Bands are tools that have an intense relationship with volatility, being able to help us anticipate strong movements and identify buy and sell opportunities.
The Bollinger Bands indicator is available in all versions of Vector. To add it, right-click the chart, select Add Indicator, and type Bollinger Bands.
Observing a chart over time, we'll notice intervals of high volatility and others where it seems that buyers and sellers have made a truce. However, a closer chart analysis shows us more information. Price rarely strays too far from a region, being constantly attracted to a balance zone. These zones can be identified with the application of Moving Averages.
From these observations, technical analyst John Bollinger created the Bollinger Bands. They consist of two lines, plotted above and below at a determined distance from a Moving Average.
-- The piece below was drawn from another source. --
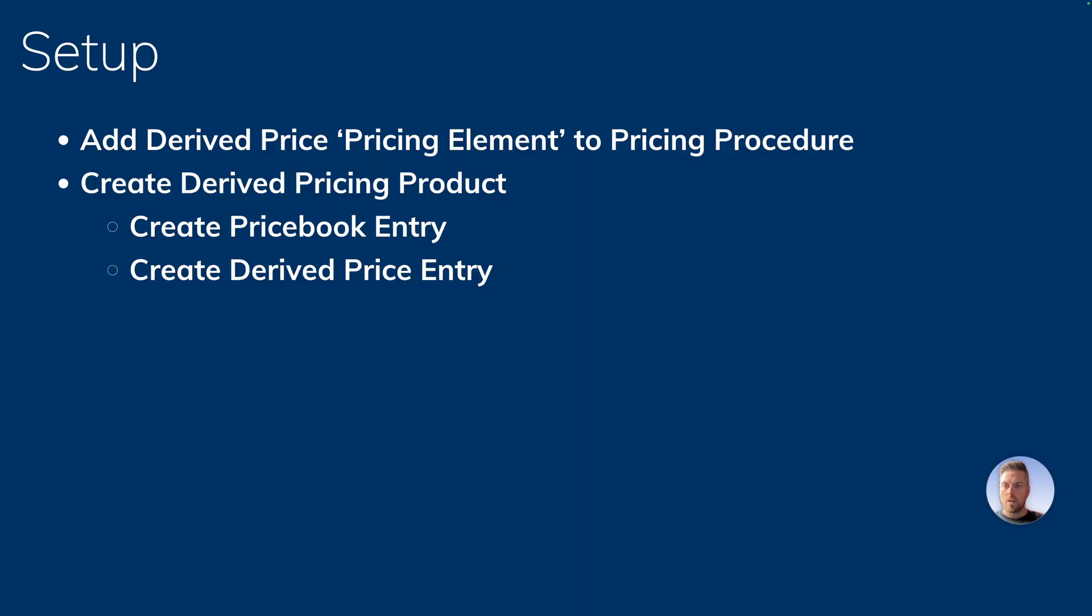What is required to use derived pricing in Salesforce revenue lifecycle management? First, you want to make sure that your pricing procedure has the derived price pricing element added to it. Then you can create a derived pricing product, create its price book entry, and then create a derived price entry. We'll jump back into Salesforce and have a look at how we can do all of those things.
It's a concept similar to Envelopes. With Envelopes, there are also two lines calculated from a determined distance percentage from the Moving Average. The difference introduced by Bollinger is in the usage of standard deviations.
A Bit of Statistics
A single central trend measure is not always enough to represent a set of data. Besides knowing the price where data is concentrated, it is also necessary to identify aggregation degrees, quantifying levels of data dispersion. A standard deviation is precisely a measure of data dispersion relative to its mean.
In a technical analysis context, the standard deviation distance increases or decreases, depending on volatility. Thus, the Bollinger Bands are plotted according to pre-set values of standard deviations relative to a Moving Average.
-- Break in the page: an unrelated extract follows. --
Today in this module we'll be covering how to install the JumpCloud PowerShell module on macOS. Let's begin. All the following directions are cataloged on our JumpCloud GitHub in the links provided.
Most of the time, prices will be contained within the band's limit. Noticeably, there is a direct link between Bollinger Bands and volatility. We can easily observe this correlation during price accumulation patterns and rallies.
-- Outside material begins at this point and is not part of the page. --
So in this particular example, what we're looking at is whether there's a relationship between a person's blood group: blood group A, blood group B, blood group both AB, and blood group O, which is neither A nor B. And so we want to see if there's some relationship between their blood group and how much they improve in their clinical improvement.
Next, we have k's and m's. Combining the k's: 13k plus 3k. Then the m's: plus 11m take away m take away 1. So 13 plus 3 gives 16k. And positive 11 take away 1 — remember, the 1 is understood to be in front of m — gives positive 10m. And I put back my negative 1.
There are several ways to observe and interpret bands, we’re going to cover a few of them below:
When there's a balance between supply and demand, volatility decreases, producing a much narrower channel. The best analogy for this is the calm before the storm. The narrowing of the bands is a sign that a strong movement is coming.
Note the BTC/BRL chart above. The bands narrowed between June and late July 2020, remaining that way until early August, when a bullish movement began. At the same time, the bands started to widen again, reflecting the increase in volatility.
This way, the bands signal an approaching trade opportunity, but which way will the market go?
We can try to answer this question with the help of some other indicators. One technique is to look for divergences or evaluate the overbought/oversold regions with an oscillator such as IFR. However, we can’t forget the valuable information provided by volume-based indicators.
In the chart above, a descending red line shows a slight downtrend while the OBV develops an ascending trajectory (bullish divergence).
- Bollinger Band Breakouts
Two analysts might interpret the same scenario very differently under the same conditions. Let's analyze two Bollinger Bands usage rules that look antagonistic at first.
One of these rules states that a band breakout is indicative of an ongoing trend. This is a reasonable affirmation, considering that a strong trend is necessary for the price to reach the bands.
In this BTC chart, between October and December 2017, we can see prices breaking above the bands a few times in a continuous bullish movement. This is a good way to trade while following the trend, especially if you like to hold positions for a long time.
Later, however, the market reverts, even if it is just a quick break before continuing the rise. This happens because, when reaching the superior or inferior band, prices have already distanced themselves from their average and are vulnerable to corrections. Under this view, the overcoming of a band is actually an alert that suggests the liquidation of positions.
The conclusion is that the strategy used depends on the trading plan. Is your goal to maintain the position for a long time or to make short trades? Under what technical conditions will the exit happen? Where will stop orders be? These questions must be answered.
Other usage tips
Among other uses, bands are good price targets. Often, a movement that starts near one band tends to run all the way to the other. Another suggested use of the bands is to watch for signals of a trend change, such as when a candle closes outside the band, followed by another candle that closes inside.
You can find further information on this interesting tool in John Bollinger’s book, Bollinger on Bollinger Bands.